I used to think a career in charity was a contradiction in terms; that charities, by definition were staffed by unpaid or minimally paid volunteers. I’ve since identified a typical arc of concern amongst certain very-middle-class parents of my acquaintance. They work for international NGOs or legal entities; they spend their days, as lawyers, administrators, fundraisers and so forth, promoting the interests of the world’s most desperate; disaster victims, migrants, refugees and the rest. They are Guardian-reading liberals; their children mostly attend state schools. Some of their children even attend schools with the children, or the not-so-distant cousins of the children of the very same desperate peoples they may be supporting from their London offices.
Don’t mistake me; all respect to these professionals and the work they do. However they sometimes illustrate that altruism has its limits; that we all do so much and no more; and that professional and private points of view are very different things. They are so busy improving things for the underprivileged abroad that they have little patience with their child’s similarly underprivileged classmates and are as keen as any private-school parent for her to leave them far behind, academically and socially. Many wouldn’t even consider subjecting him/her to “underprivileged” classmates in the first place.

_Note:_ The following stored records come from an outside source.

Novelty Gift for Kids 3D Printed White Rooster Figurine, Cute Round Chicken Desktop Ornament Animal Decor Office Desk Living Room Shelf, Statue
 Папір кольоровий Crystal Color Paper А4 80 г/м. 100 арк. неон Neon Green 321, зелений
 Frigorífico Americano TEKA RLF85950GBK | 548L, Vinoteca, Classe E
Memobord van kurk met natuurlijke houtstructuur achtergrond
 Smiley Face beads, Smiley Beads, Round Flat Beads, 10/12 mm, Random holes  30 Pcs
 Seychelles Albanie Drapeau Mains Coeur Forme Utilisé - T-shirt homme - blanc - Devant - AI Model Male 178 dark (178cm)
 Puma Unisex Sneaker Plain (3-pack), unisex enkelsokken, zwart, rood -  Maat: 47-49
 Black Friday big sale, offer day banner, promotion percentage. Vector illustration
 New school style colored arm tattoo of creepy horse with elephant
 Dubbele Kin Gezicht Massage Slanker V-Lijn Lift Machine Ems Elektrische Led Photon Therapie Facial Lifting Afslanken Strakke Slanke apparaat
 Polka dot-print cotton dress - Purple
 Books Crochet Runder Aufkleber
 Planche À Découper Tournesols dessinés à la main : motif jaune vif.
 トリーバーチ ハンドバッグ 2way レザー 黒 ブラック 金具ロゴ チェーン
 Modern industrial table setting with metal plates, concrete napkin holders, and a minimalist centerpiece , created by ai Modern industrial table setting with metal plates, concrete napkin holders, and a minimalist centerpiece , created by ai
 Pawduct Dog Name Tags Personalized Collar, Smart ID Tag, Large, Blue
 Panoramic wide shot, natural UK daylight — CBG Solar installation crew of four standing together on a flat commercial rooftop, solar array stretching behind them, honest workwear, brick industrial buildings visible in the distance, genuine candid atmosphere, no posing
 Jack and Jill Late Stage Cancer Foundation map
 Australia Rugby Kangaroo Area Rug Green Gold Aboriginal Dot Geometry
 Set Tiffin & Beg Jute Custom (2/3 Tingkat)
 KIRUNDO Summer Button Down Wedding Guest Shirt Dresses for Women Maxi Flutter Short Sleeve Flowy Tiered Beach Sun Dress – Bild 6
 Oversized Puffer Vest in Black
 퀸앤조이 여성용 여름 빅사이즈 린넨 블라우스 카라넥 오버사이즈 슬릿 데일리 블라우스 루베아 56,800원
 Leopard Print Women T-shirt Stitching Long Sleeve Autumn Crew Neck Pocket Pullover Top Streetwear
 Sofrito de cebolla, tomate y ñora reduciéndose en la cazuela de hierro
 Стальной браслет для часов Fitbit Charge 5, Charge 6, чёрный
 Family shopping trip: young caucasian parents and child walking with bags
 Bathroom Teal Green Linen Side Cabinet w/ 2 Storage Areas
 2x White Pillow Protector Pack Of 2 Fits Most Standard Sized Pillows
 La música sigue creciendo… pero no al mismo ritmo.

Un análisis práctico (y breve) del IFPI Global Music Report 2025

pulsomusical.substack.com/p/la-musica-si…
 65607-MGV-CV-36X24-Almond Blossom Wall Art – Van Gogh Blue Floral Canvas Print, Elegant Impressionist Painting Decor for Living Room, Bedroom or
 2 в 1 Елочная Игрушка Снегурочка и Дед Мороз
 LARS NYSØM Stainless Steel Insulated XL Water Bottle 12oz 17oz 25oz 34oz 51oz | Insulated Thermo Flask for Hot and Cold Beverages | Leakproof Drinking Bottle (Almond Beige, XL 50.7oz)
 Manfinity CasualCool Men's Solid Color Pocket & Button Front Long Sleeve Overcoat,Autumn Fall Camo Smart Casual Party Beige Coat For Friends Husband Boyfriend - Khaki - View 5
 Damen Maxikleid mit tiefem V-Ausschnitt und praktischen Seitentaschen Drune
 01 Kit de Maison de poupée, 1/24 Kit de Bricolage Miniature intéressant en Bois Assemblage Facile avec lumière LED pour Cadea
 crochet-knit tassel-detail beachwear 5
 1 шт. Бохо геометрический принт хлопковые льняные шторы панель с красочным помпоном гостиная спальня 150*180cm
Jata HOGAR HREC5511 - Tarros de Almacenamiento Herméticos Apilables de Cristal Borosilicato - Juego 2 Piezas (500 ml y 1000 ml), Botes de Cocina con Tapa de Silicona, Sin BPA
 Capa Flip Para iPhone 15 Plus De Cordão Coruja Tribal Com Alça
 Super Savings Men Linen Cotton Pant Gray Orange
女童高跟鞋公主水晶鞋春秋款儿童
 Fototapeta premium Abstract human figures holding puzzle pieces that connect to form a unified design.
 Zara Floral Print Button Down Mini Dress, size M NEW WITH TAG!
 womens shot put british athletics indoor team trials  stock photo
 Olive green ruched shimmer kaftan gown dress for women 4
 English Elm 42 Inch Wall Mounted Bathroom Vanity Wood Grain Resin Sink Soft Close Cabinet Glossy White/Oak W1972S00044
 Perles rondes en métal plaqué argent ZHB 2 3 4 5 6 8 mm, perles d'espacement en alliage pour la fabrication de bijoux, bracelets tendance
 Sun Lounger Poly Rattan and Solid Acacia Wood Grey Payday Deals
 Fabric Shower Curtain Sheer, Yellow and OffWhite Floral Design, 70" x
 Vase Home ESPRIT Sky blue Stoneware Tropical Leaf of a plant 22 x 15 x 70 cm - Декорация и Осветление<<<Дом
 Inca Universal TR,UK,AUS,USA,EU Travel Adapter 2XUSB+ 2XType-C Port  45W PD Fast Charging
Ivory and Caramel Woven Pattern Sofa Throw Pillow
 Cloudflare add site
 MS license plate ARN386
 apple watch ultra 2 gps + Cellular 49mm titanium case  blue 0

I watch my own son, proud of how he chooses his friends from the range of children in his socially and ethnically mixed class, as happy to engage with special-needs kids as with – if they can spare him a moment – the “alpha” ones. He’s never been a class-alpha himself, too young, too shy, and sometimes, I suspect, too brown; and he doesn’t share their competitive mentality. But he’s not a sucker; he will always walk away from any hint that he is being put down, or patronised.
As for them; the very-competitive children, the ones who led the field in confidence and just about everything else in reception class: towards the end of Year One some are starting to look a little isolated. They watch a touch wistfully as children who once clung to their parents at drop-off now streak happily away, racing and bantering together; not waiting for their leadership, just leaving them behind. Our class is growing up fast, and the late-starters, the youngest, the ones with little English initially, are growing up fastest of all. Some of the former-alphas will have to rethink their taken-for-granted superiority or face gradual classroom exclusion. It would help them, I reckon, if their parents did the same.
Always read your new blogs when they get posted. I don’t necessarily have anything particular to say but I enjoy reading them. Presume certain events or things you see or read inspire you to do a post. Always intriguing to read a new posting.
Thanks nice to know there’s somebody out there! Yes usually it’s an article or some little thing that happened which sets me off. Today it was the kids at school drop-off, noting how much they have changed over the past year. What a journey it is, watching children grow up. Sometimes I fear I haven’t the stomach for it.